Another aspect of the invention resides in a method of making an
electrolytic electrode assembly. The method comprises the steps of
providing an electrode having a first edge, and a second edge which
defines an intersection with the first edge; placing a first covering
having a first end over the first edge so that the first end is in the
region of the intersection; placing a second covering having a second end
over the second edge so that the second end is in the region of the
intersection; and confining the first end, the second end and the
intersection in an additional covering.
The confining step may include gripping the electrode with the additional
covering. The confining step may likewise comprise gripping the first and
second ends with the additional covering.
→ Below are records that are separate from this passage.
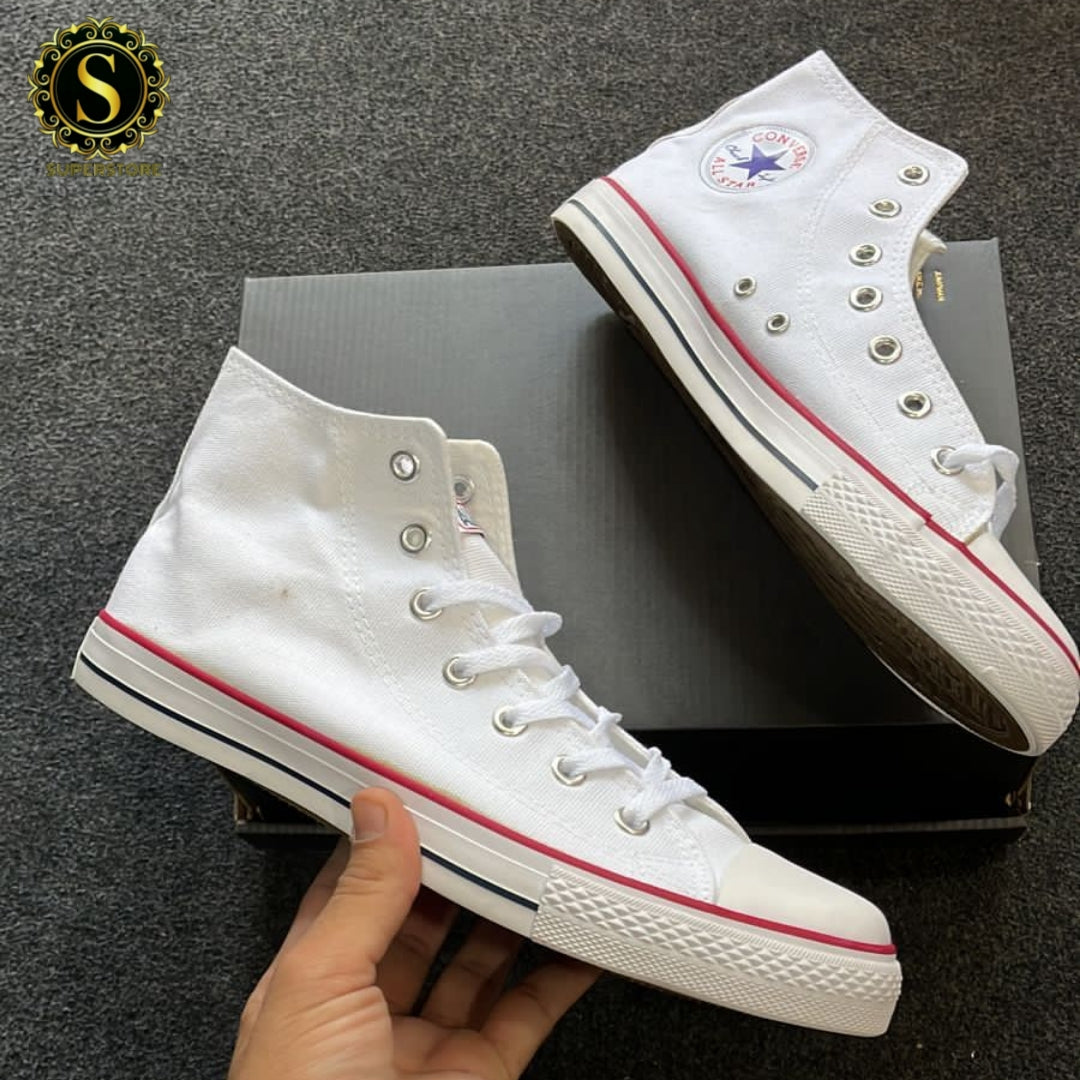 Converse chuck Taylor all star high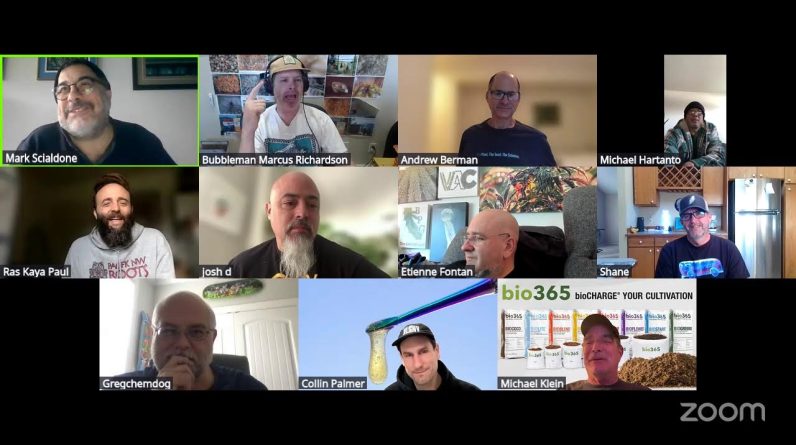 Hash Church Season 11, Episode 45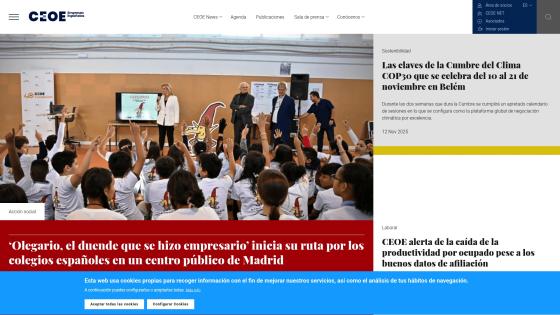ceoe.es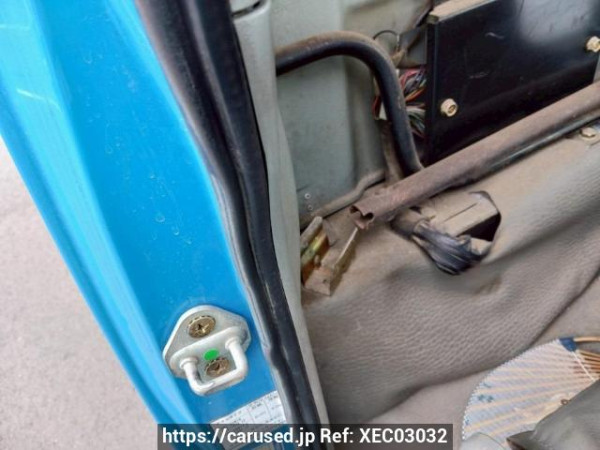 Used 1999 MT mitsubishi canter FE518BD Image[52]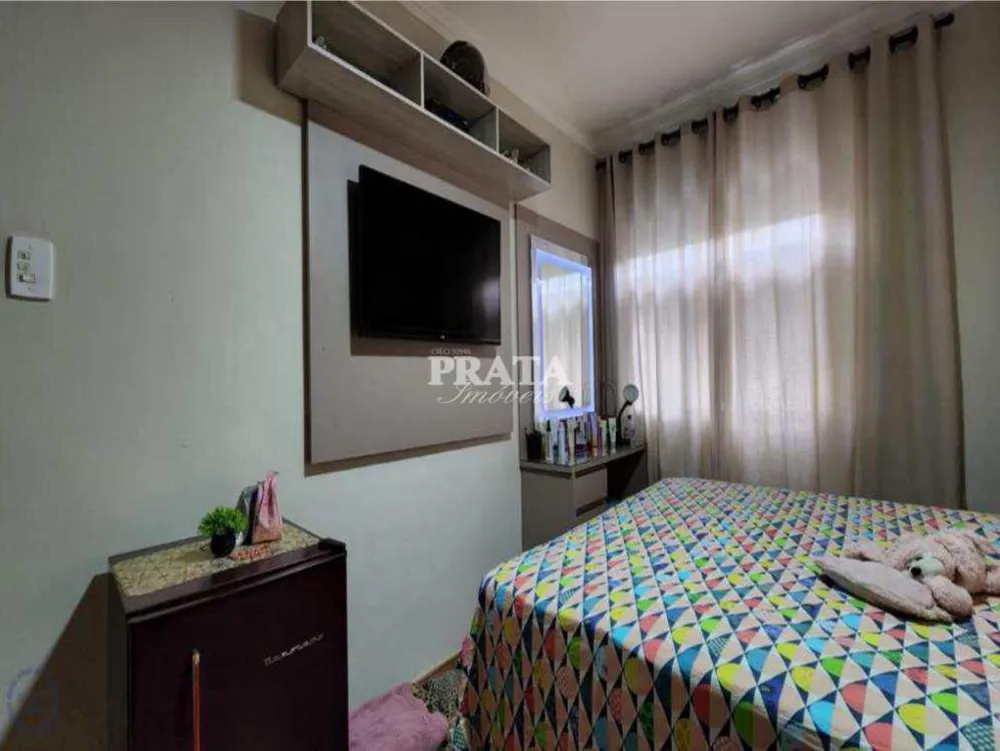 Apartamento, 3 quartos, 100 m² - Foto 6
The placing steps can involve abutting the ends of the coverings against
one another.
The method can further comprise the step of adhesively connecting the
additional covering to the electrode and to the ends of the coverings.
Further features and advantages of the invention will be forthcoming from
the following detailed description of preferred embodiments when read in
conjunction with the accompanying drawings.
BRIEF DESCRIPTION OF THE DRAWINGS
FIG. 1 is a front view of a schematic representation of an electrolytic
electrode assembly in accordance with the invention, shown in cut-out
portions for convenience of scale.
FIG. 2 is a fragmentary sectional view in the direction of the arrows
II--II of FIG. 1.
FIG. 3 is an end view of a corner protector constituting part of the
electrode assembly of FIG. 1.
FIG. 4 is a side view of the corner protector of FIG. 3.
DESCRIPTION OF THE PREFERRED EMBODIMENTS
Referring to FIG. 1, the numeral 1 generally identifies an electrode
assembly according to the invention. The electrode assembly 1 is designed
for use in an electrolytic process and is particularly well-suited for
electrowinning. In operation, the electrode assembly 1 is suspended in an
electrolyte together with other electrode assemblies.
The electrode assembly 1 includes an electrode 2 which is here assumed to
be a cathode for an electrowinning apparatus. The cathode 2 may be made of
any material conventionally employed for electrowinning such as a copper
alloy, titanium or stainless steel. The cathode 2 has a pair of opposed
vertical side edges 3 and 4 as well as a horizontal bottom edge 5. The
bottom edge 5 and the side edge 3 define a lower corner 6 of the cathode 2
whereas the bottom edge 5 and the side edge 4 define a lower corner 7 of
the cathode 2. When the electrode assembly 1 is suspended in an
electrolyte, the bottom edge 5 and all but the uppermost portions of the
side edges 3,4 are submerged.
The submerged portion of the side edge 3 is provided with a covering 8
while the submerged portion of the side edge 4 is provided with a covering
9. Similarly, the submerged bottom edge 5 is provided with a covering 10.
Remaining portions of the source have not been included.